İlköğretim öğrencilerine (Antep Savunması Öyküleri)

Antep nasıl gazi oldu ?

Birkaç korkak, siperlerini terk ederek kaçmaya başladı.Fransız kurşunundan hızlı kaçarsan,tabii ki Fransız kurşunu değmez adama!

Yetişemez ki!!!

Az önce yemin edenler miydi bunlar, bilmiyorum, ama sürüyü bozan keçiler* oldukları kesin, onları gören öteki çeteler de siperlerinden çıkıp...

Ah dilim varmıyor,’ kaçıyorlar!’ demeye. Demek ki ölüm korkusu ne yemin dinliyor ne din, ne şeref! En azından bazıları için…

Değirmene koştum. İçimde ,ruhumun derinliklerinde, gemsiz bir hırs! Atımı istedim. İstedim ki sol kanada yetişip kaçanları durdurayım, yüreklendireyim, cesaretlendireyim, yeminlerini hatırlatayım.

”Atı,komutanım, atı gece Dohurcum Köyüne göndermiştik ya!”

“Hay aksi! Sökün çabuk şu beygirin semerini...”

Atladım beygire. Değirmen harkının kuzeyine dehledim. Düşman gördü, şiddetli bir makineli kurşunu yağmuruna tutuldum. Çok görmüştüm bunları Çanakkale’de, şurda, burda…

Bu zamana kadar da düşman değirmenin arkasındaki tepeyi tutmuştu. Suyun kuzeyine geçtim.

Beni gene gördüler. Gene bir kurşun yağmuru.

Ovada makineli tüfek ateşiyle vurulup ölmüş çeteler serilmiş yatıyor, boylu boyunca, kıvrılmış ,gözleri açık,ağızlar yarım kalmış çığlıklı,yüz ,göz, beden kan kan kan… Değirmendeki erzakçılar ve cephaneciler de kaçıp gitmişler.Beygirim ürktü. Nasıl ürkmesin ki sakin sakin, sessizlikte, düz ovada otlamaktan başka bişey bilmeyen beygirimin bu silâh seslerine bu kadar dayanması bile ölümcül bir mucize !

*Sürüyü bozan keçi olmak: İlk kötü kışkırtıcı örnek olmak

ÖLÜME BİR KALA

Kurşunlar sağına soluna, çatır çutur, vızır vızır geldikçe kımıldamaz oldu beygirim.

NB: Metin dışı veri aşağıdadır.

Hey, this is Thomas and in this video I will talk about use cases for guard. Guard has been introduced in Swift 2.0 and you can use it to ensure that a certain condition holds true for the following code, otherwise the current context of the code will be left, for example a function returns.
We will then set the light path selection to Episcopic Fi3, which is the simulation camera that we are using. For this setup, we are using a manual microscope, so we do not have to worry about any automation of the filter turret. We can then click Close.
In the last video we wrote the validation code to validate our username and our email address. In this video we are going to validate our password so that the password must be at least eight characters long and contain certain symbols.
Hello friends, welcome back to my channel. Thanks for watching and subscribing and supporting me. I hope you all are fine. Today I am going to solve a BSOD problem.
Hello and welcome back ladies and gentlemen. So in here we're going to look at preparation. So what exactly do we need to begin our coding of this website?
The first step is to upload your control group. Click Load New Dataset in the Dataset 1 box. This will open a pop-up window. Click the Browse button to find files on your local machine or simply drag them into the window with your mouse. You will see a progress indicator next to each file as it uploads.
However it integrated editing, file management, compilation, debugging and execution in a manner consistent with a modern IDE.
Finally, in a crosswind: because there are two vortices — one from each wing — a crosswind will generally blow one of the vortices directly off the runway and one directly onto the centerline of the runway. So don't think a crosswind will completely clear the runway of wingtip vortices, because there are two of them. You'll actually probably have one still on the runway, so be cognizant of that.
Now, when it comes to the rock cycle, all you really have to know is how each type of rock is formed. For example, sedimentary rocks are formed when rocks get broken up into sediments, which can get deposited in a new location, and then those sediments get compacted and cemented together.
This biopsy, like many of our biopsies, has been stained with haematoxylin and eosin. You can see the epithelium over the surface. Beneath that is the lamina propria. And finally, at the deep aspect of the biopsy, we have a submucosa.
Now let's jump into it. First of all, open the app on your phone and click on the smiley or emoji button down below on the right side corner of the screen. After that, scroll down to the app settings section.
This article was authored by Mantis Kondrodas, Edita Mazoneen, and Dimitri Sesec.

“Deh bre! yürü bre! Ulan yürü de düşman üstüne yürü, silâhın üstüne, topun, tüfeğin, makinalının, kurşunun üstüne, yeter ki yürü be!

Yürümez.Beygir değil katır sanki!”

Teğmen Ali Nadi yanıma sürünerek gelebildi.

“Şahin Bey! Artık duracak, direnecek vakit kalmadı, çekilelim.” diye seslendi az öteden.

Duydum.

O sürünerek çekiliyordu

Ama benim içimde tanrısal sesler yükseliyor! Kulaklarım göklerden gelen başka garip seslerle uğulduyor! Ne top, ne tüfek ne makinalı, ne insan sesi duymuyorum! Beygirden attım kendimi aşağıya. Gözümün önüne dünkü heyet gelip geçti.kulaklarımda sesleri uğulduyor:

“Akşama kadar, akşama...”

Beynimde,yüreğimde,ruhumun en derin kuyularında,onurumun,çocuğuma,aileme,kentime,yurduma olan sevginin en duyarlı noktasında,yaşama içgüdümün en kılcal damarlarında bir ses,bir söz yankılanıyor durmadan,sağır edercesine…bir söz…

Düşman cesedimi çiğnemeden asla!...”

Koşuyorum,sanki ben gitmiyorum, ayaklarım beni uçarcasına götürüyor düşman üstüne,şoseye doğru…Gözlerimin önünde çocuklarım, karım, arkadaşlar, yoldaşlar, Mustafa Kemal … Anılarımda Çanakkale ...Kurşunlar vızır vızırdı önceleri duymuyordum. Sadece bir söz,bir sözle uğulduyor kulaklarım,beynim,benliğim…

“Düşman cesedimi çiğnemeden asla!”

Ama ben düşmana yaklaştıkça ,düşman bana yaklaştıkça kesildi kurşunlar.